In a post-apocalyptic future, mysterious, 200 ft tall giants appeared, called Titans, and killed off most of humanity. The remains of mankind live in a town shielded by giant walls, yet Titans attack once again and kill the mother of teenager Eren Yaeger, who thus swears revenge and joins the military to fight the Titans. His friends are Armin and Mikasa. During another attack, Eren is eaten by a Titan, but somehow mysteriously survives and finds out he can transforms into a Titan himself when he is wounded, by biting his finger, and then transform back to a human. The military capture a female Titan, who turns out to be also a human, Annie. This gives military the reason to explore further.

One of the most hyped animes of the decade, "Attack on Titan" is basically a restructuring of the popular "mecha genre", except that instead of giant robots, the people have to fight humanoid, Zombie giants, yet the story lacks highlights, pathos and the grandeur of "Evangelion" to truly overwhelm on a higher level. The setting is mysterious and stimulative, posing many questions about the origins of the Titans that attack and eat humans, yet, unfortunately, the 1st season refuses to answer any of those, leaving the viewers rather stranded and frustrated by a lack of any conclusion.

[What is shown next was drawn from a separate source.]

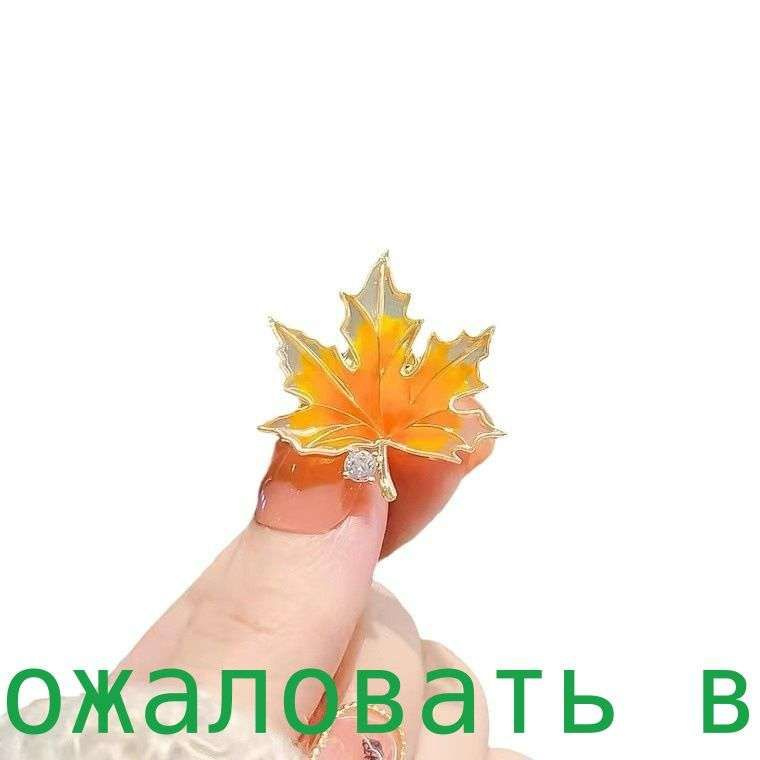 Брошь #1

The characters are one-dimensional, humorless and stiff, which exacerbates the impression (especially since Eren, Armin and Erwin all have a similar sounding name, which leads to confusion at times), yet the action sequences do have their moments of impact, especially the "Spiderman"-style way the warriors use wires to swing from building to building to maneuver around the Titans in order to try to hit the back side of their neck, their only weak spot.

The best episodes are arguably 17, 18 and 19, because they display a genius strategy of the warriors who leave the walls for their expedition: since they have no technology, they ride on horses and disperse on a meadow for several miles, acting as a "human radar" since flare guns fired by the edge of the group will be seen from the horizon and signal if a Titan is nearby, thus allowing for the core of the group to avoid dangers by going left or right on their route. This leads to several exciting situations, aesthetic shot compositions and a sense for adventure in the open, culminating with a group having to go through a forest to ditch Titans running after them. Unfortunately, except for maybe episode 25 (featuring several great sequences, including a religious community attending a mass that gets squashed by a female Titan when its foot crashes through the church, or the epic scene of the female Titan grabbing onto a wall with its fingers to stop, thereby causing several people to get ejected from the windows of the building) and a few deeper meanings (the leitmotiv of birds that fly over the walls as a symbolism for the protagonist's yearning for freedom), a majority of the episodes suffers from a too slow pace which takes too much time to finally get going, relaying too much on a dark tone, yet it cannot compensate for the standard execution. Answers will be found in season 2, but on its own, the viewers are simply stuck with the impression that season 1 did not progress and develop the storyline to a truly satisfying level.